Over the course of the following weeks and months, we will be sharing news that are directly linked to the Covid-19 pandemic and impacting the regulatory affairs markets such as dietary supplements, medical devices, cosmetics, and more.
For companies experiencing supply chain issues, we suggest reaching out to industry leaders. The Council for Responsible Nutrition continues to make resources available on their COVID-19 Resources page, including a March 11th podcast transcript on COVID-19’s effects on the supplement supply chain. The National Association of Manufacturers (NAM) also maintains a COVID-19 Resource page and provides contact information for their COVID-19 Response Team on their website.
With warning letters from FDA on the rise for COVID-19 related claims, RNI recommends that extra caution be taken for any claims made directly on the product label and marketing materials as well as any marketing copy on websites/social media and any claims stated by influencers or others not directly linked to the company. Stick to generic immune support claims and only make these if they are appropriately substantiated for the product. Stay away from overly creative messaging that uses any association with COVID-19, coronavirus, virus, viral immune response, pandemic, or other associated terms/phrases.

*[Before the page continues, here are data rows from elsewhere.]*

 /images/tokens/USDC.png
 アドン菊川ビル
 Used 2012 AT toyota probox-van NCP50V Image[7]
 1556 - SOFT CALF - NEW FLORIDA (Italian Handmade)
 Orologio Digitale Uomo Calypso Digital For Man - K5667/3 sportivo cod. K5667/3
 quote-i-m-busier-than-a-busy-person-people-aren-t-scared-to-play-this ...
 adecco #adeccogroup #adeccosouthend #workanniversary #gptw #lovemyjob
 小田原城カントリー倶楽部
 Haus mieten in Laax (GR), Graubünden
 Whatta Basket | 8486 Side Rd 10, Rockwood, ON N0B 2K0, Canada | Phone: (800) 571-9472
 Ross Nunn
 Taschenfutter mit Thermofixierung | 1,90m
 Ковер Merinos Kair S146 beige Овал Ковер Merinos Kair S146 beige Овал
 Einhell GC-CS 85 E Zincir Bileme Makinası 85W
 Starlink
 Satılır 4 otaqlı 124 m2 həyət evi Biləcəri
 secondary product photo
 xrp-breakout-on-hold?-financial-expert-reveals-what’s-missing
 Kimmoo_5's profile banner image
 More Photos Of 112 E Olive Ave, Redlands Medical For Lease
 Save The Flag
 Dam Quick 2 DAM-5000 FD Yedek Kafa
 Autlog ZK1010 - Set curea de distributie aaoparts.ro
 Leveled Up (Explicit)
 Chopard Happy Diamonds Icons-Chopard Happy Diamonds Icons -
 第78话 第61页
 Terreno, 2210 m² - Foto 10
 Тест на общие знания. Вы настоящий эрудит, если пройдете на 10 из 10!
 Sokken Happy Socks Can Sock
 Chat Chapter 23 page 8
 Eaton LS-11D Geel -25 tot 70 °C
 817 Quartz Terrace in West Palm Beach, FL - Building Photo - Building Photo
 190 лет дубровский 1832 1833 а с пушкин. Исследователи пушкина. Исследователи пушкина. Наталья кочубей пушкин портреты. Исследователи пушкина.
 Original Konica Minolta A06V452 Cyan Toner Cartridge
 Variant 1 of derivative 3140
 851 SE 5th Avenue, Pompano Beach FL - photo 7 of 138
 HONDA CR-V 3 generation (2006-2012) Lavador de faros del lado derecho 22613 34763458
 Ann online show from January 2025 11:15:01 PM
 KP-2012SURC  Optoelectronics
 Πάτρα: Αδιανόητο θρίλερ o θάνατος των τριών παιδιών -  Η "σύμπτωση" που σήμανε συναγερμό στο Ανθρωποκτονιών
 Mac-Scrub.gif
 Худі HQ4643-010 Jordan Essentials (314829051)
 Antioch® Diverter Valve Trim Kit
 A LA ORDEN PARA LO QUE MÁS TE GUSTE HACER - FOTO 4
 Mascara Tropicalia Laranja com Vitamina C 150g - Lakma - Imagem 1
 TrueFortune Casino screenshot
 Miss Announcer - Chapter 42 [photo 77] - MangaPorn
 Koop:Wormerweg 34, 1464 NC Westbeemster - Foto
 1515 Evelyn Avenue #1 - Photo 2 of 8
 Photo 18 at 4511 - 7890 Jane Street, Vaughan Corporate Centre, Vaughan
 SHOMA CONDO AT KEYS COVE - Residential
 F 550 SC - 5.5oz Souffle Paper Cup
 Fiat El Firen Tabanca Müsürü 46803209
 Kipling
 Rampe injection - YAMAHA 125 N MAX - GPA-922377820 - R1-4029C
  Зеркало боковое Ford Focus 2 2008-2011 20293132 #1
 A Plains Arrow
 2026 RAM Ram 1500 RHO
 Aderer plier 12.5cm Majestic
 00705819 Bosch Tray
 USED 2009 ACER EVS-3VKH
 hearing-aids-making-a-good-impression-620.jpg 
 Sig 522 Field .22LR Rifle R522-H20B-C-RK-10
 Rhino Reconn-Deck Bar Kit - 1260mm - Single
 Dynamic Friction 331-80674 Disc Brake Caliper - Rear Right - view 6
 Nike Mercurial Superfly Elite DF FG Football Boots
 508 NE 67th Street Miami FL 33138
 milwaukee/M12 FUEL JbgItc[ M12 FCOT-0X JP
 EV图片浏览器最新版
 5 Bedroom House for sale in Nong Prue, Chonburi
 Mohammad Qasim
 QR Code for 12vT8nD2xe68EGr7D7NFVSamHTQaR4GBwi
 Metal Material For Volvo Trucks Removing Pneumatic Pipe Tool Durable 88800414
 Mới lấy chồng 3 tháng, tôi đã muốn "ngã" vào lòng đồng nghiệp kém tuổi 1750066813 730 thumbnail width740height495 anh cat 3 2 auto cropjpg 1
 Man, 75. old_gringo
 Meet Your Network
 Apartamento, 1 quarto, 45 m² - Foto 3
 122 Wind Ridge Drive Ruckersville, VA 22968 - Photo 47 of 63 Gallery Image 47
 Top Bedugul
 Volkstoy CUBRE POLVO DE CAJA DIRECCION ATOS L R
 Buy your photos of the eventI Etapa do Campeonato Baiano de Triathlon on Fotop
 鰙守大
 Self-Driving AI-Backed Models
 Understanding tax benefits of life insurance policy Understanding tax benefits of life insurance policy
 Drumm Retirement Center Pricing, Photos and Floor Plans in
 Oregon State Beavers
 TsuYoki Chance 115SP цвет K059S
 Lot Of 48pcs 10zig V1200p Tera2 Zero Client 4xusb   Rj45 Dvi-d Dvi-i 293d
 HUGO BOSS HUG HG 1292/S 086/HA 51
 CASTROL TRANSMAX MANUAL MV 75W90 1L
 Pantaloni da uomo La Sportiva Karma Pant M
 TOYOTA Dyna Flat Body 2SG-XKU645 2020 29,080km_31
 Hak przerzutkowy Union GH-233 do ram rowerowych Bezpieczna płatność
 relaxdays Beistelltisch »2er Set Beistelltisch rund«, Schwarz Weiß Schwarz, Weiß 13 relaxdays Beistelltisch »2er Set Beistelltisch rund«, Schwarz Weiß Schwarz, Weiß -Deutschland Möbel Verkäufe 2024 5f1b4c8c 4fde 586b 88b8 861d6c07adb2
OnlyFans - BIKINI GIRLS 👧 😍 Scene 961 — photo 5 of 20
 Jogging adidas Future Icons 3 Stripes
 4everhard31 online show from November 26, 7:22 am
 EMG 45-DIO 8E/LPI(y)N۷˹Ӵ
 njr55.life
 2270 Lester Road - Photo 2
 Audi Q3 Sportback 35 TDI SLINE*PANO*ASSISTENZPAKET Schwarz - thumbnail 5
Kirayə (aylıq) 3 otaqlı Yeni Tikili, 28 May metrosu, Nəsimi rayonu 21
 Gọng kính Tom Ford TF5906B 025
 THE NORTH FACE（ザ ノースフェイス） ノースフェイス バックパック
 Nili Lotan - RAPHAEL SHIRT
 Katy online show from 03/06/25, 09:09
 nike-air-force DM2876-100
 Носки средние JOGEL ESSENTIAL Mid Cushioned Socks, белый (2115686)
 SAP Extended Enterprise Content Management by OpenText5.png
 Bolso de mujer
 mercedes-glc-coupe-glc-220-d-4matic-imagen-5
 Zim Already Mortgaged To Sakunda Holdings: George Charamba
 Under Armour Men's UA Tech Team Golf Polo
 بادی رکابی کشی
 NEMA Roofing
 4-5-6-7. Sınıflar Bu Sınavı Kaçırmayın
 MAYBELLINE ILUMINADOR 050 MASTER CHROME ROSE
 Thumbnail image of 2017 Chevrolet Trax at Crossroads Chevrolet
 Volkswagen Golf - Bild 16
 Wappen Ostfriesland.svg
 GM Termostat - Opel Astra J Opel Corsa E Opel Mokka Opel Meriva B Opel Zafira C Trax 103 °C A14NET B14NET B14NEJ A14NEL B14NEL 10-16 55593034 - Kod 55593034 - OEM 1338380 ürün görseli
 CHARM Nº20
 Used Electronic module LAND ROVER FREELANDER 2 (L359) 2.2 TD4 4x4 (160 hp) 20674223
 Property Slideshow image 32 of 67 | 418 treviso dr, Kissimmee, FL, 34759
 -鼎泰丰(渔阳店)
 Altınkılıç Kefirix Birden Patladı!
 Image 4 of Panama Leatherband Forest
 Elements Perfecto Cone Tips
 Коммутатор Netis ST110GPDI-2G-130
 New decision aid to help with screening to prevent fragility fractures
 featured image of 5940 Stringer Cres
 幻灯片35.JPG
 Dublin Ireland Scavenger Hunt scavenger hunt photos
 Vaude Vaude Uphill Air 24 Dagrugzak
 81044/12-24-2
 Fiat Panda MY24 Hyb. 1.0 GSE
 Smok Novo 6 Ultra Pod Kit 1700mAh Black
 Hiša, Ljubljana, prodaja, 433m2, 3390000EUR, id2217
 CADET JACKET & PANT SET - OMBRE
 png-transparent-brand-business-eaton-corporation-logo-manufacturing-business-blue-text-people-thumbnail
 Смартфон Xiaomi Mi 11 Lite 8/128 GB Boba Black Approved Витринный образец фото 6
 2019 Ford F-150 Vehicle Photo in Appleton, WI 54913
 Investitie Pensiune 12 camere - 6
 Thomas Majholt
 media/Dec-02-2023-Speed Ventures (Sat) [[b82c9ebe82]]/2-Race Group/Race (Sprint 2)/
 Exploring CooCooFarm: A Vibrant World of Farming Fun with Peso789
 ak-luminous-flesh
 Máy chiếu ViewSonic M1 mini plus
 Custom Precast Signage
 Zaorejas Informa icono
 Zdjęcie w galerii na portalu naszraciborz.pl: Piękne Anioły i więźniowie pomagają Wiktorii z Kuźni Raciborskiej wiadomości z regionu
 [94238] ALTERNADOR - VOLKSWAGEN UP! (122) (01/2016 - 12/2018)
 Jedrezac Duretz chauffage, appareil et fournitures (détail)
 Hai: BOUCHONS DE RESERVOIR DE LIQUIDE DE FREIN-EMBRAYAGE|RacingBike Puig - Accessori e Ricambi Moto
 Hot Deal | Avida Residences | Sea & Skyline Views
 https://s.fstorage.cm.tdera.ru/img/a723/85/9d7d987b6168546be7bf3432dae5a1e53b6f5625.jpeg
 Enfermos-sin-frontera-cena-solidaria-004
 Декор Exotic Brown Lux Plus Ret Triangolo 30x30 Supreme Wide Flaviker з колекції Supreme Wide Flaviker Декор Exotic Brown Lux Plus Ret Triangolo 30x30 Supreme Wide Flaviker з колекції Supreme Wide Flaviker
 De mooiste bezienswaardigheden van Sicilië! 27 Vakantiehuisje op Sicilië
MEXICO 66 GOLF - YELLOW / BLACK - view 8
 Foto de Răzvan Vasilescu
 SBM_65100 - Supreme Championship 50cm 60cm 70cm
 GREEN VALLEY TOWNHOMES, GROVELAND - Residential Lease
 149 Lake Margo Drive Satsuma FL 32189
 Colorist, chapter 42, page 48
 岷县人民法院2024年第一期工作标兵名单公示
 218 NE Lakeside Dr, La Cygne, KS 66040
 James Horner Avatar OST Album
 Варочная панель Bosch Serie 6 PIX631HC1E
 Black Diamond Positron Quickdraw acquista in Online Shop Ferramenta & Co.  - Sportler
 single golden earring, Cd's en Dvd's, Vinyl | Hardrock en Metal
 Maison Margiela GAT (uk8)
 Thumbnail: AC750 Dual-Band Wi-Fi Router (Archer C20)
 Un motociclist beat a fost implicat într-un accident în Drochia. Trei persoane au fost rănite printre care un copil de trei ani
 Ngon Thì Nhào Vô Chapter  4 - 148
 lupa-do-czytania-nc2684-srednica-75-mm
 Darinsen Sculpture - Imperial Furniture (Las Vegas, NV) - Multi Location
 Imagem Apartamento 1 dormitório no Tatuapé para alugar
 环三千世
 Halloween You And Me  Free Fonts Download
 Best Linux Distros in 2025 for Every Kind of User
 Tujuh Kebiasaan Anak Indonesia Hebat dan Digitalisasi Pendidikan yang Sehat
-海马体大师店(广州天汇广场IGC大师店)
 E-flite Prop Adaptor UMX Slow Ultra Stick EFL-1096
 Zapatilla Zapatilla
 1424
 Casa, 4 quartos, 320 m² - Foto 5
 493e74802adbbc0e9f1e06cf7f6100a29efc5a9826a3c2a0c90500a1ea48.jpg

The COVID-19 pandemic impacts all industries and sectors. Even though part of the dietary supplements industry may be currently getting some highs due to an increase in demand, supply chain in the same industry might be challenging in the coming months. This is what the US Department of Agriculture let industry stakeholders know in the past weeks.
At the moment we write this article, half of the global population is still under a safer-at-home order. As the pandemic peak has still not be reached in many parts of the world, global production is at its lowest since the last few decades. The primary source of the dietary supplement industry being China, the overall industry relies on production delays due to the fact that China was the first country to be hit by COVID-19. Even if production restarted in certain branches of the economy in the Asian country, it is still not at 100% capacity, and has added up months of orders not fulfilled.
On another note, transport issues add to the production problem. Restrictions in Europe, Asia and the Americas slow all processes down, making it difficult for human being to travel and work, hence amplifying the difficulties for goods to be shipped.
As we have seen in previous weeks, immune system products have been #1 in demand in the dietary supplement industry. On top of the regular increase during the winter months in the Northern hemisphere, demand for ingredients such as Vitamin C, Vitamin D, Zinc or Omega-3s have been surging since February. And the Council for Responsible Nutrition (CRN) confirms that the industry is not shaped to face such high demand in such short moment. Some actors in the industry also faced difficulties in getting packaging materials to order bottles, making this situation quite inextricable.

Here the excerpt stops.